Courtship.  Let's look at the third definition from the Bing dictionary: friendly and often ingratiating attention for the purpose of winning a favor or establishing an alliance or other relationship.  Were any of the folks talked of so far doing anything working towards marriage, towards intimacy - the #1 definition of 'courtship' from Bing (the period of a romantic relationship before marriage)?  Nope.  It's all game playing. 

Now, I personally think that dating to have fun and even get laid is fine - not all dating SHOULD lead to marriage.  But I'm of the opinion that if you're out for a good time, be up front about.  Own it.  It's okay. 

But some folks ARE going to lie about their intent and lead you on to think that they are on the same songsheet you're on.  Which is why you test, you evaluate.  How do they treat others?  What are their values? Especially if YOU are into dating/courtship in search of marriage and real intimacy.

Gunnlod sat me in the golden seat,
Poured me precious mead:
Ill reward she had from me for that,
For her proud and passionate heart,
Her brooding foreboding spirit.

What I won from her I have well used:
I have waxed in wisdom since I came back,
bringing to Asgard Odrerir,
the sacred draught.

Hardly would I have come home alive
From the garth of the grim troll,
Had Gunnlod not helped me, the good woman,
Who wrapped her arms around me.


Here, of course, Odhinn is the jerk, having tricked Gunnlod into giving him 3 'sips' of the mead according to Prose Edda version of the story, one for every night spent schtupping.  Not unlike Freya sleeping with a dwarf for every stone in her necklace Brisingamen.  Of course, Freya didn't totally empty the supply of amber, while Odhinn DID drink all the Mead of Poetic Inspiration!

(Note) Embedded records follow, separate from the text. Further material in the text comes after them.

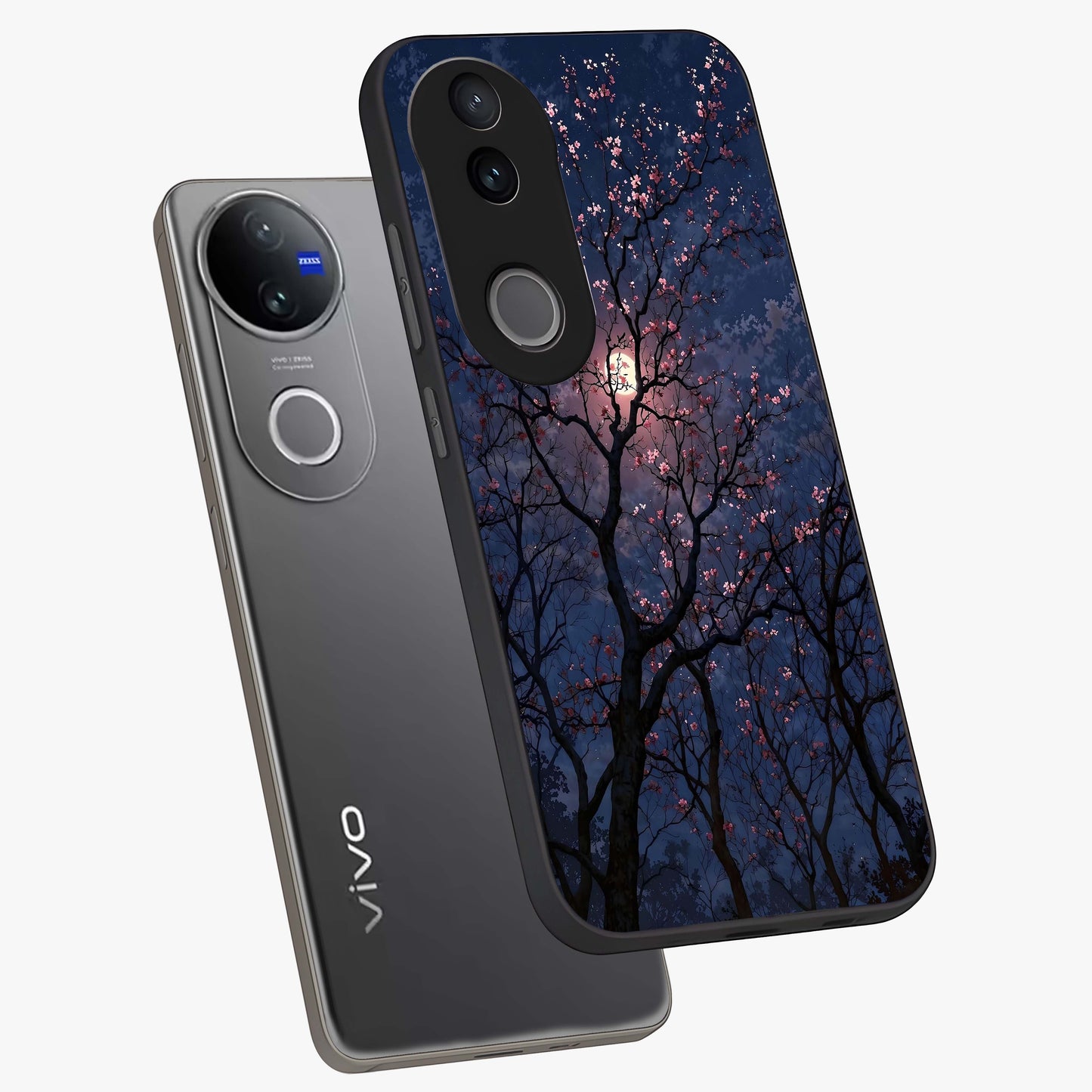 Twilight Sakura Serenade Glass Case displayed in angled mockup highlighting delicate sakura flower design with dreamy aesthetic.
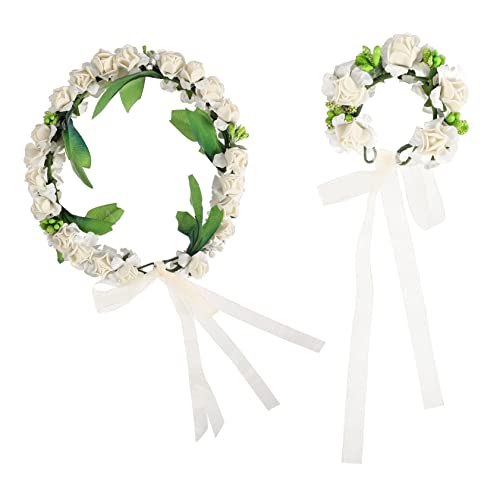 GALPADA 2 Stück Teiliges Set Blumenkranz Haarschmuck und Handgelenkband für Mädchen Simulierte Blütenkrone für Partys Geburtstagsfeiern und Fotoshootings Verstellbar und Geruchlos von GALPADA
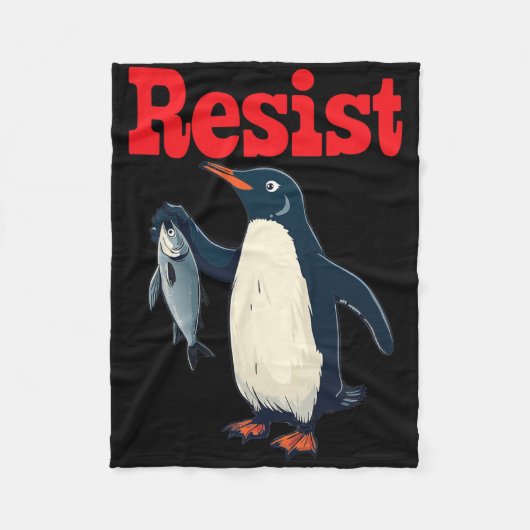 Resist Penguin Holding Fischprotest Funny Graphic Fleecedecke (Vorderseite)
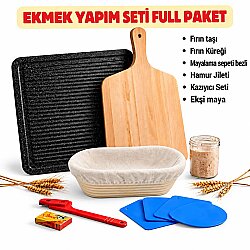 Ekmek Yapım Seti Full Paket Oval Bezli Sepetli 26 cm - DincKitchen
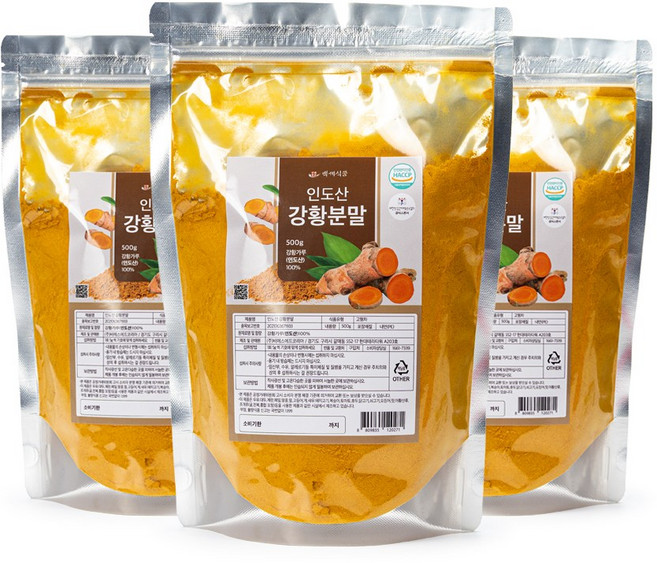 백세식품 강황가루 인도산 HACCP 인증제품, 3개, 500g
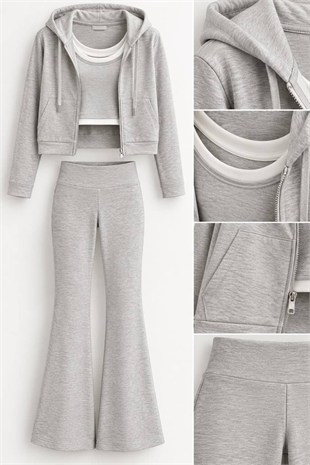 Hırkalı İspanyol Paça Takım-Gri GRİ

Shun a woman, wise in magic,
Her bed and her embraces:
If she cast a spell, you will care no longer
To meet and speak with men,
Desire no food, desire no pleasure,
In sorrow fall asleep.


Snort. Baby boy, a woman wise in magic doesn't need spells to keep a man.  Or just cue my dear Frank Sinatra singing "Witchcraft".





 Sigh....  Ahem.  Back to the Havamal..

Never seduce anothers wife,
Never make her your mistress.

Never open your heart to an evil man
When fortune does not favour you:
From an evil man, if you make him your friend,
You will get evil for good.

I saw a warrior wounded fatally
By the words of an evil woman
Her cunning tongue caused his death,
Though what she alleged was a lie.


Is all of this, really, about putting one's self and one's personal desires above those of your tribe?  About forgetting to judge a potential mate by the same standards you judge the worthiness of your friends and associates? Of putting pleasure above sense?

I'm going to have to puzzle that one out more over time.